Oil prices stabilize after sharp falls earlier in week

FAN Editor
FILE PHOTO: An oil pump jack pumps oil in a field near Calgary
FILE PHOTO: An oil pump jack pumps oil in a field near Calgary, Alberta, Canada, July 21, 2014. REUTERS/Todd Korol/File Photo

May 24, 2019

By Henning Gloystein

SINGAPORE (Reuters) – Oil markets stabilized on Friday amid OPEC supply cuts and tensions in the Middle East, after posting their steepest falls since the start of the year earlier in the week on the back of a global economic slowdown and swelling fuel inventories.

Brent crude futures, the international benchmark for oil prices, were at $68.05 per barrel at 0044 GMT, up 29 cents, or 0.4 percent, from their last close.

U.S. West Texas Intermediate (WTI) crude futures were up 36 cents, or 0.6 percent, at $58.27 per barrel.

“Multiple supply risks remain, as tension continues between Iran and the U.S., which could turn disruptive,” ANZ bank said on Friday.

The Organization of the Petroleum Exporting Countries (OPEC) has led supply cuts since the start of the year aimed at tightening the market and propping up prices.

ANZ said U.S. sanctions on Iran’s and Venezuela’s oil industries would likely further reduce crude exports from OPEC, of which both countries are members.

But Friday’s firmer prices could not make up the much bigger slumps from earlier in the week, which have put crude futures on track for their biggest weekly losses this year.

From mid-week, rising oil inventories in the United States started weighing on prices.

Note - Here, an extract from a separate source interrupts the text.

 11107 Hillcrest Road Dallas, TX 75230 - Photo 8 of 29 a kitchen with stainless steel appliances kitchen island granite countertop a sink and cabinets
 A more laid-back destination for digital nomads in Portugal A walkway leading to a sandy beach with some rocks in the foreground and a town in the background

“Increasing (oil) inventories and slumping U.S. manufacturing activity exacerbated trade related concerns about global demand,” Michael McCarthy, chief market strategist at CMC Markets in Australia, said in a note, pulling WTI below $60 per barrel and Brent below $70 per barrel.

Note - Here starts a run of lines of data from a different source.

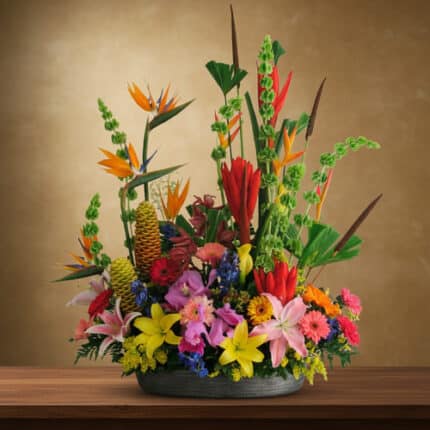 Centro de mesa con arreglo floral tropical de flores amarillas, rosas, rojas, naranjas y moradas en un jarrón bajo gris sobre una mesa de madera, con fondo marrón difuminado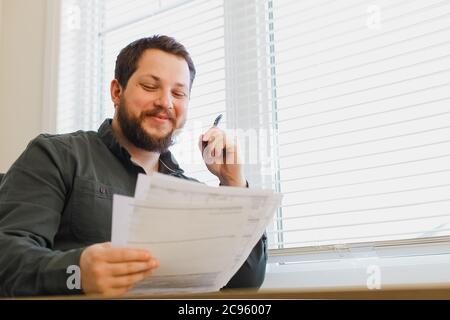 Büromitarbeiter füllt Dokumente im Schrank, hält Papiere und Stift. Stockfoto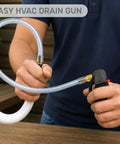 Knock The Gunk Right Out Of Your AC System With This Tough CO2 Drain Gun holding a flexible hose for HVAC cleanup.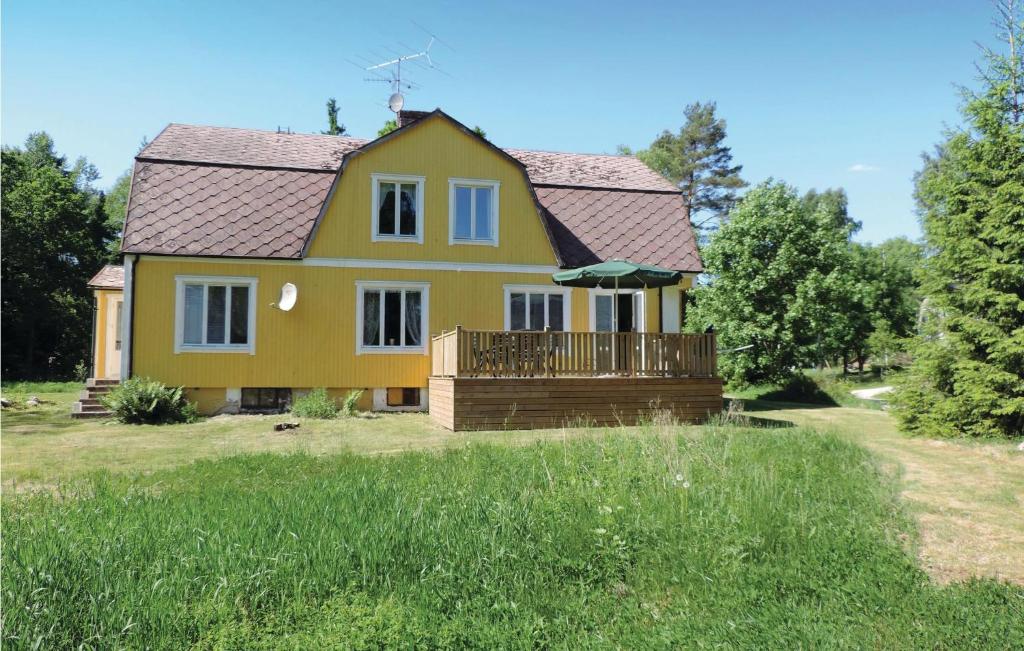 ein gelbes Haus mit einer Terrasse im Hof in der Unterkunft Nice Home In Markaryd With Kitchen in Västra Tansjö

And the glut has spread beyond North America. Struggling to cope with oversupply from fuels, Asian refinery margins this week fell to their lowest seasonal levels since the financial crisis a decade ago, triggering plans for refinery run cuts.

“In China, gasoline stockpiles at seaports were seen rising to a multi-year high, this can shrink the margins for refiners and lead to softer oil demand from China,” ANZ bank said on Friday.